What part of the word "emergency" do you not understand?
That’s a question many hospitals would like to ask patients who use the emergency room inappropriately.
And a growing number of hospitals are now giving such patients an ultimatum: If you come to the ER with a nonemergency, don’t expect to get treated unless you pay up front.
Piedmont Fayette Hospital, located in Fayetteville, south of Atlanta, adopted such a policy on Sept. 18.
"We’re following a national trend and trying to focus our limited resources back to emergency patients," said Ryan Duffy, spokeswoman for Piedmont Fayette.
Piedmont’s other two satellite hospitals, in Newnan and Jasper, also have implemented ER screening. The main Piedmont Hospital in Atlanta has not, though spokeswoman Diana Lewis said they are considering it.
Here’s how it works: Patients who come into the ER are evaluated by a physician.

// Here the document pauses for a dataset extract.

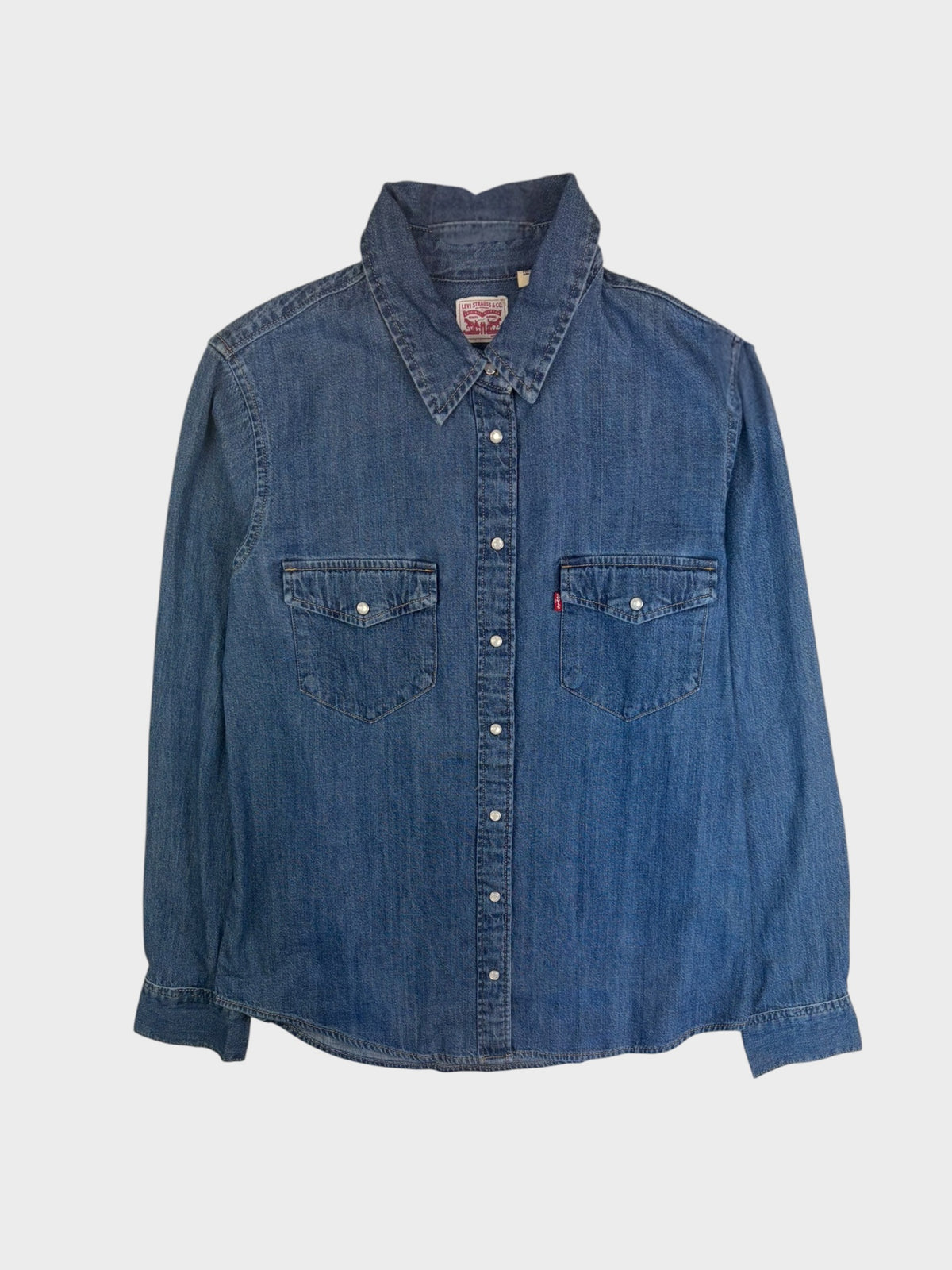 Levi's Denim Shirt, Size M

If their condition is a true emergency, federal law requires that they be treated, or at least stabilized so they can be transferred to another facility, regardless of their ability to pay.

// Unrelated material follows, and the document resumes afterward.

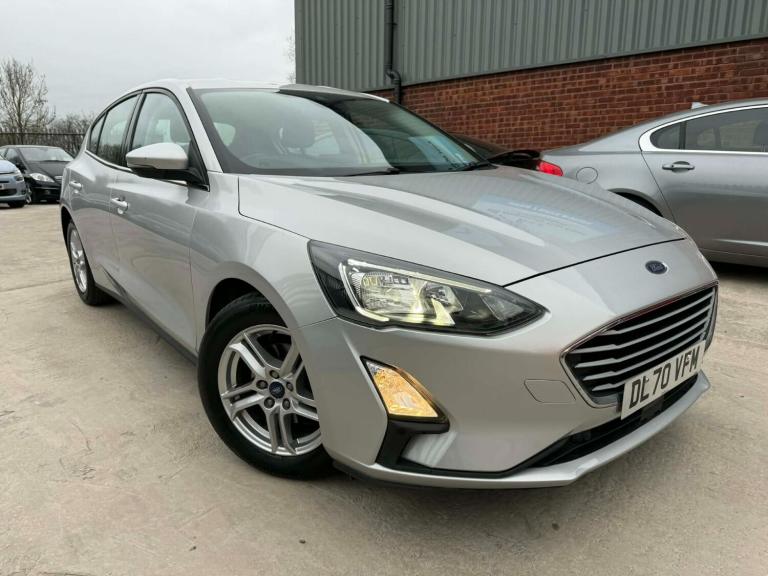 2021 Ford Focus 1.0 EcoBoost 125 Zetec Edition 5dr VAT QUALIFYING, FINANCE AVAILABLE, HPI  HATCHB...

"If the patient does not have an emergency, we recommend that they see a primary care doctor, and we give them a list of options in the community, including free or reduced-fee clinics," said Duffy. "If they insist on being treated in the ER, we will certainly do so, but they must pay either their insurance co-pay or a $150 deposit."
True emergencies include chest pain, trauma, severe bleeding, respiratory distress, stroke symptoms and other conditions that clearly require immediate attention.
"We are not turning anyone away," Duffy said. "All emergencies will be treated, and physicians will always err on the side of caution."
But they hope to discourage people from coming to the ER for illnesses such as colds, which could be treated in a primary care setting. In fact, some of the people who show up in the ER aren’t even sick at all.
"We’ve had people come in just trying to get a prescription refilled, and that is not what we’re here for," Duffy said.
Kevin Bloye, spokesman for the Georgia Hospital Association, said ER abuse is one of the toughest problems hospitals face.
"It’s an issue that every hospital in Georgia is grappling with," he said. "A lot of it is linked to the uninsured population, which is growing so fast."
If they are in danger of losing life or limb, uninsured patients can always get treatment at an emergency room. But Bloye said some people regard the ER as their answer for anything that’s bothering them.
"‘Frequent flyers’ are a huge problem," he said. "These are people who show up in the ER every week or every other week, often with behavioral or alcohol issues. They’re taking time away from other patients."
Cathy Bowers, spokeswoman for Northeast Georgia Medical Center, said the Gainesville hospital sees plenty of such patients.
"We have people who are habitual users of the ER," she said. "But treating patients who are inappropriate just encourages them to come back next time."
Bowers acknowledged that the medical center currently treats every patient who comes to the ER, even though federal law doesn’t require it.
"The regulations only say we have to triage and evaluate," she said. "But since patients incur most of their expenses during the evaluation, most hospitals just end up treating them."
Bowers said the medical center is considering adopting a policy similar to Piedmont Fayette’s, because it would put pressure on people to change their behavior.
The hospital has already tried a number of tactics to cut down on ER abuse. Though patients are not denied treatment even for minor conditions, when they’re discharged from the ER they are given a list of local, low-cost medical clinics and are encouraged to use those providers next time they need medical care.
The hospital also started Nurseline, a phone triage service. Patients can describe their symptoms to a nurse and determine whether they really need to come to the ER or not.
But it’s not clear whether these efforts are having an effect. Out of more than 97,000 visits to Northeast Georgia Medical Center’s emergency department in 2006, about 28 percent were considered non-emergent. And 41 percent of cases had to be written off as bad debt because patients didn’t pay the bills.
"The emergency room is the most expensive primary care you can get," Bowers said.
The cost of treating the uninsured has forced some hospitals nationwide to close their emergency departments. Yet there is still a reluctance at many hospitals to redirect patients who are inappropriate for the ER.
That reluctance is driven in part by fear of lawsuits. There’s always a chance that a doctor may send a patient home, only to have that person turn out to have a real emergency. But Bowers said more hospitals are now willing to take that chance.
"Liability concerns are one of the reasons the systems has evolved as it has," she said. "But everything in medicine has some risk of liability. You have to balance that against the risk of using your resources on non-emergent care and not having it for those patients who have true emergencies."